The 'aci' is the identifier to tell an onion router which circuit we're
talking about. A given cell going along the network has an aci to indicate
the context for that cell. That's how we multiplex many circuits over
a single connection.
The aci is two bytes. In effect, it's even smaller than that: when onion
router A is opening a new circuit to B, it compares the IPs (and if IPs
are equal, then compares ports) and decides whether to write in the upper
or lower byte of the aci. This mechanism stops race conditions such as
where each side starts a new circuit to the other, happens to pick the
same aci, and thinks they're talking about one circuit when there are
really two.
However, it also means that each way between A and B can handle at most
256 circuits (512 if you count both ways). That's not all that many.
Further, so far I've reused Mat's algorithm for choosing an aci: "pick
a random one, see if it's used, if so try again." When most of the 256
are used, this process can take quite a while to find an unused one.
So I'd like to know what the constraints are on aci's. It doesn't seem
like they need to be random, since we're not trying to hide them from
anybody, and since it seems we need to trust the other guy to generate
an aci 'well' anyway.
Here's my first alternate design: keep aci at 16 bits, but use only the
first bit to declare which direction the aci is for. Then we've got 32k
possible circuits each way rather than 256.
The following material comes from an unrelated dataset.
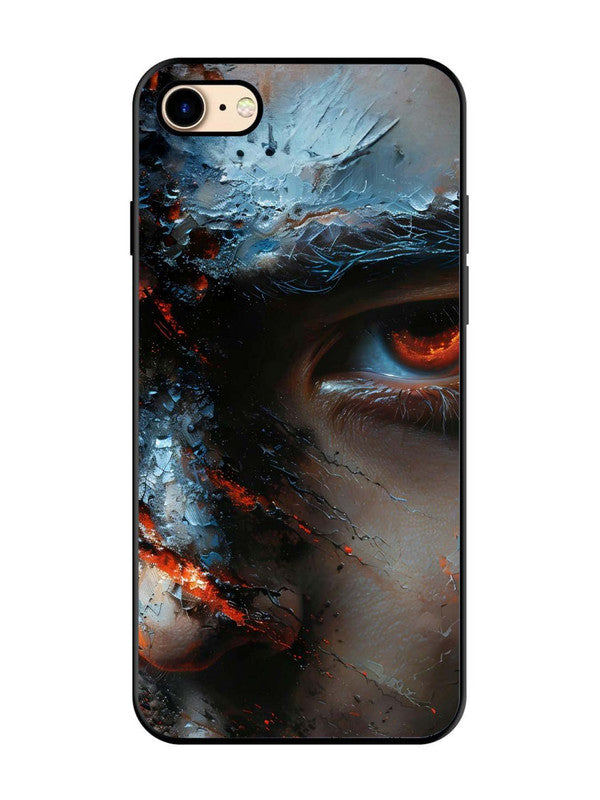 iPhone 8 Red-Eyed Warrior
Then as a bonus, rather than picking them randomly from the range (though
that's probably fine since we're unlikely to collide with 32k of them),
we can do a process similar to picking new process id's: we increment
the aci we're going to use each time we make a circuit, and every so
often we have to skip one since it's still 'alive' from the last cycle
through the aci space.
Paul, can you briefly describe the original plan for how to make this
work? It'd be good to know if the above design is better or worse.